### [Input for this task]
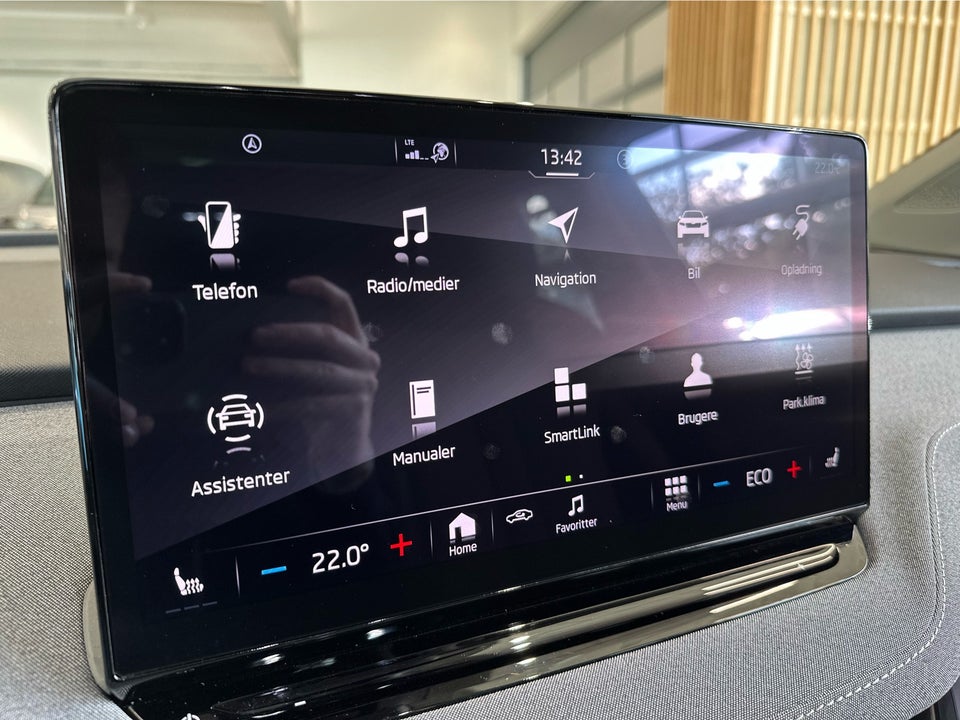 Skoda Enyaq 80 iV Loft 5d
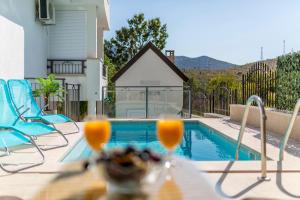 House Luce with pool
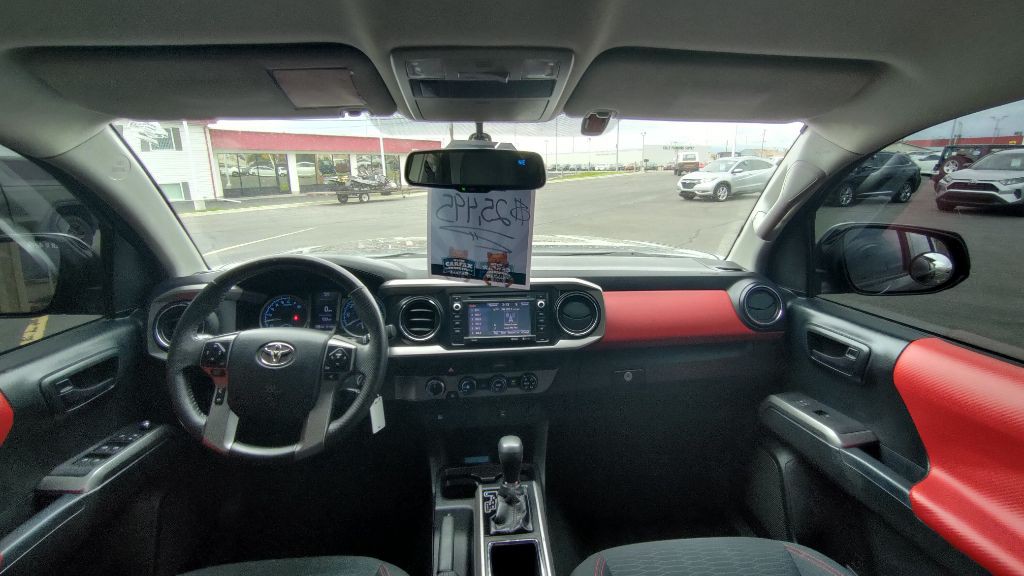 2017 Toyota Tacoma Image 11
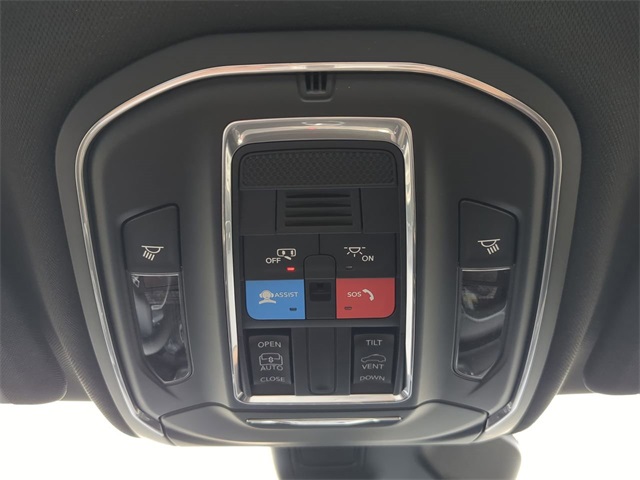 2025 Jeep Grand Cherokee Laredo Altitude photo 21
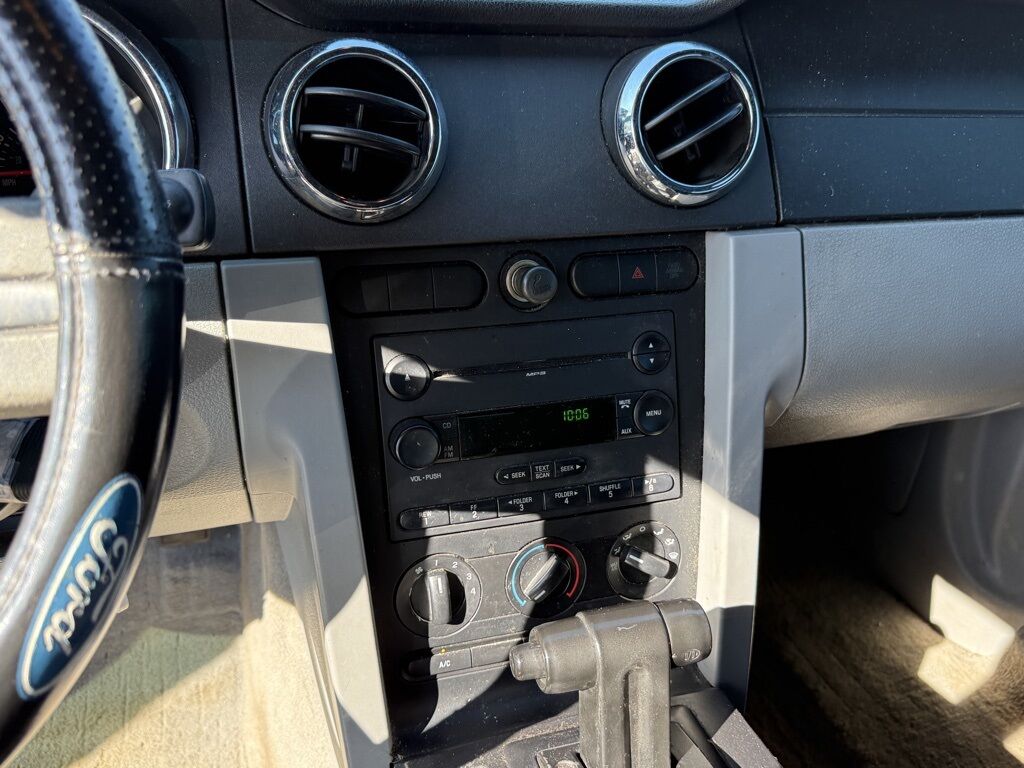 2007 Ford Mustang V6 Deluxe Crestwood KY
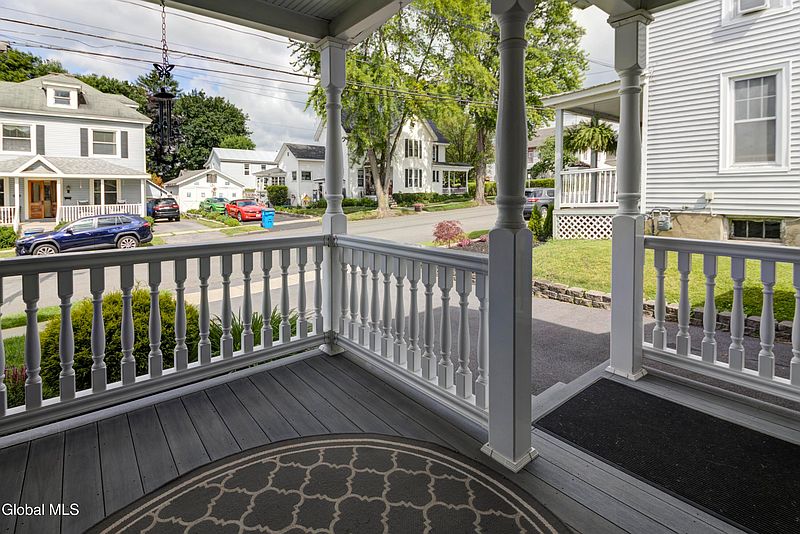 4th image of 300 S Perry Street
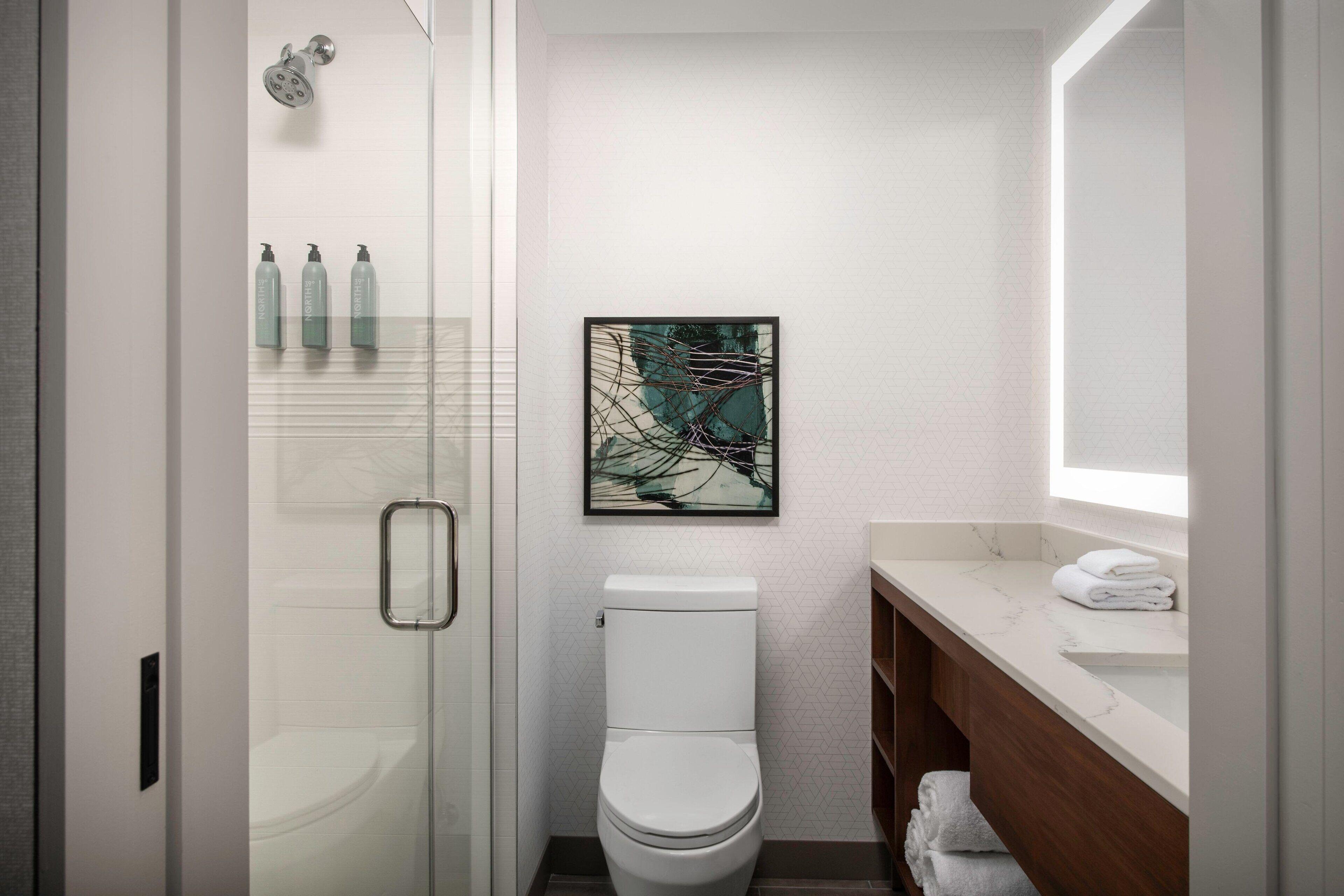 Hotel By Marriott Queens 3*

### [Instructions to follow]
Output nothing but the records above, word for word, with the pictures removed.

### [Solution to this task]
 Skoda Enyaq 80 iV Loft 5d
 House Luce with pool
 2017 Toyota Tacoma Image 11
 2025 Jeep Grand Cherokee Laredo Altitude photo 21
 2007 Ford Mustang V6 Deluxe Crestwood KY
 4th image of 300 S Perry Street
 Hotel By Marriott Queens 3*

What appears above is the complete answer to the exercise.